The basic premise is nothing new of course, how many of us would own up to describing a certain song lyric as ‘could have been written about me’, it isn’t difficult to associate oneself with an emotive text if the initial desire is already there and, like any ‘fan’, Iyer, it would seem to me, wants to be both Greene the writer, and the main character in his novels.

The standout work of Greene’s in Iyer’s eyes is clearly ‘The Quiet American’, it is the most referenced and deeply analysed, and in the central character, Thomas Fowler, the easiest to see one’s own reflection. Fowler is a middle-aged man; wracked with feelings of guilt, loneliness and failure and seeks solace in the arms of a beautiful young Asian girl whom asks for little yet offers much more. For many of us, Fowler’s mid-life misery is easy to understand, as is the bittersweet and ultimately tragic allure of Phuong and her like but Iyer doesn’t stop there. ‘The Quiet American’ is as much about friendship between two men (Fowler and Pyle) as it is between mis-placed lovers and American foreign policy. He fails to remind us of a similar relationship between two rivals in ‘The End of the Affair’ choosing to concentrate on Greene’s very real bond with Kim Philby and his refusal to condemn his subsequent actions, a misguided loyalty which is a familiar theme in his novels.

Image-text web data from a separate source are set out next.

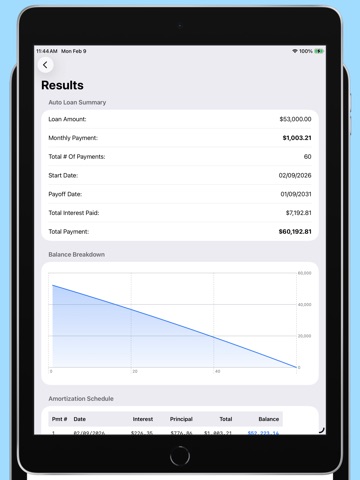 Auto Loan Calculator -Advanced iPad screenshot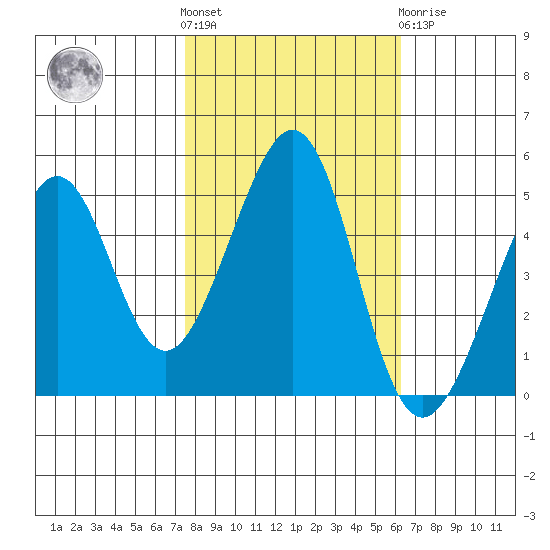 Gallinas Creek tide chart for Saturday, October 28, 2023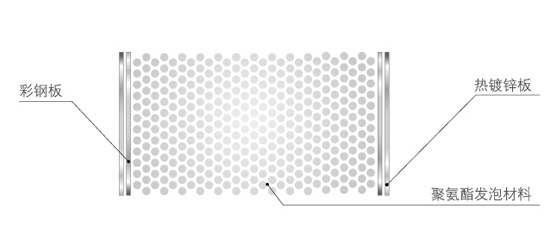 3層復(fù)合材質(zhì)設(shè)計(jì)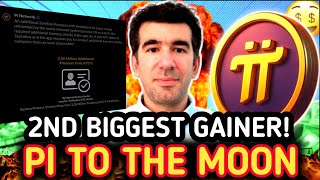 видео: PI NETWORK РАСКРЫВАЕТСЯ! Анализ прироста на 17% + обновление KYC для 3 миллионов первопроходцев картинка: PI NETWORK РАСКРЫВАЕТСЯ! Анализ прироста на 17% + обновление KYC для 3 миллионов первопроходцев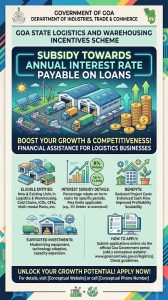 Goa State Logistics and Warehousing Incentives Scheme: Subsidy Towards Annual Interest Rate Payable On Loans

Iyer again, uses Greene’s characters to relate to his own friendships but it is the sense of Greene as a father figure which leads to the book’s saddest entry. In a rare moment of shared common interest and bonding, Iyer describes the moment his father leaves an answer phone message praising his son for an article he has written on Greene and his father’s tears as Iyer jnr contemplates Greene’s ability to recognise our inner demons, a piece which clearly struck a nerve in his dying father.

Iyer visits Greene’s old haunts, from Brighton to Saigon as well as the brothels, hotels and drinking holes so favoured by the writer. He shares Greene’s passion for travel and explores the solitude Greene both sought and experienced from it as well as his own travel experiences on the Greene trail. It is near impossible to read Greene and not become even slightly absorbed by his travel accounts and the the possibilities it can bring, and there is enough within Iyer’s own adventures to engage the reader.

As a book it is cleverly conceived and executed, Greene fans will enjoy it and romantics, such as Iyer himself, will find comfort in the book’s confirmation that great artists do indeed, write especially for and about us. But then we knew that already, didn’t we?